Fingers tight, I said it straight. Not him. That hunger inside pushed everything forward

"Intent doesn't matter," Lucien said sharply. "Impact does."

"And what's the impact of your hesitation?" I asked. "If we'd waited, he'd have had a clean shot."

Lucien stepped closer, voice dropping. "You don't get to gamble with my company like it's one of your political chess pieces."

"And you don't get to reduce my survival to collateral," I shot back.

Something broken hung in the air, just for an instant.
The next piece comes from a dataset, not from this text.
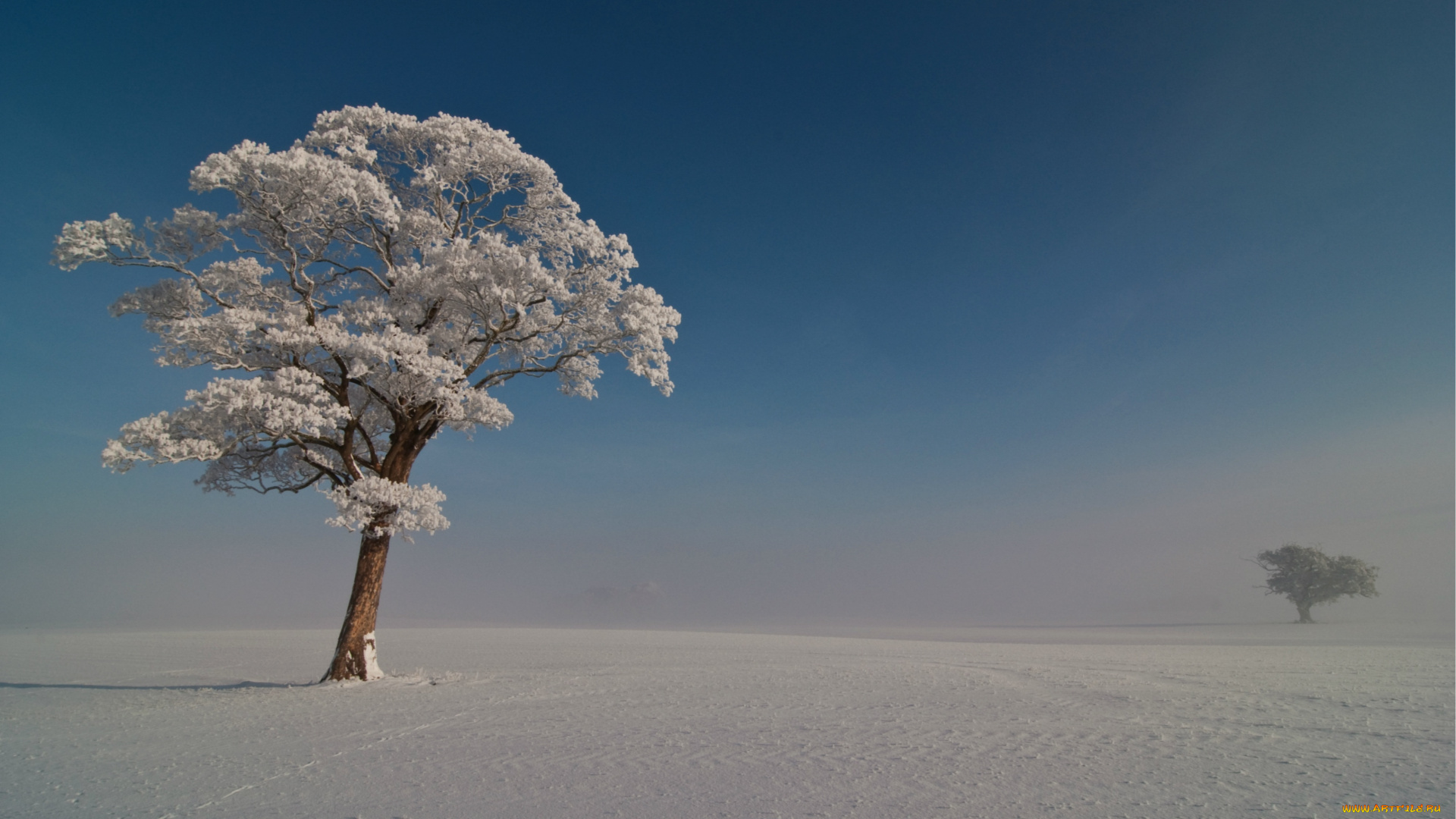 природа, зима, деревья, небо, снег, иней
It sat there, unspoken, heavy enough to notice but too faint to name.

"Maybe," Lucien said slowly, "we're not aligned anymore."

The words echoed.

Same direction. Paths that match. Goals moving together.

I swallowed. "Say what you mean."

For a moment he paused. Worse than knowing was that pause.

"Maybe," he continued, "we're fighting different wars."

I shook my head. "No. We're fighting the same one. You just want it clean."

"And you want it loud."

"Yes," I said. "Because silence protects the powerful."

That was the moment his eyes held mine, truly held them, like he finally noticed every crack he'd ignored before.

"You scare me," he admitted.

What hit hardest wasn't being blamed - it was hearing it admitted.

"Good," I said softly. "Because this world should."

A shrill beep cut through the air. This one came from Marcellus.

He replied while holding the gaze steady.

"They're moving again," Marcellus said. "Emergency council session. They're naming Eliana as a destabilising foreign influence."

A small sound came out, quiet laughter. That's what I saw

He shut his eyes - just for a moment. "This isn't optional," he said

"No," I corrected. "They're daring us to fracture."

His eyelids lifted. "What happens then?"

"Then they win."

The air grew still, almost too light. Then nothing moved.

His fingers stretched forward, hesitation froze them mid-air, and finally, he let his arm fall. "Fighting the way you do - no clue where to begin."

"And I don't know how to pause like you," I replied.

There we stayed, not knowing what came next, sparks jumping from one silence to another.

"Whatever happens next," he said, "it won't be linear."

I met his gaze. "Nothing worth keeping ever is."

Bisonia pulled its blades into finer edges, high overhead.

Beneath stood two unyielding sides, neither willing to step back.

Not reconciled.

Not broken.

One foot here, then silence - waiting while the ground holds its breath. A challenge hangs in the air, unspoken but clear.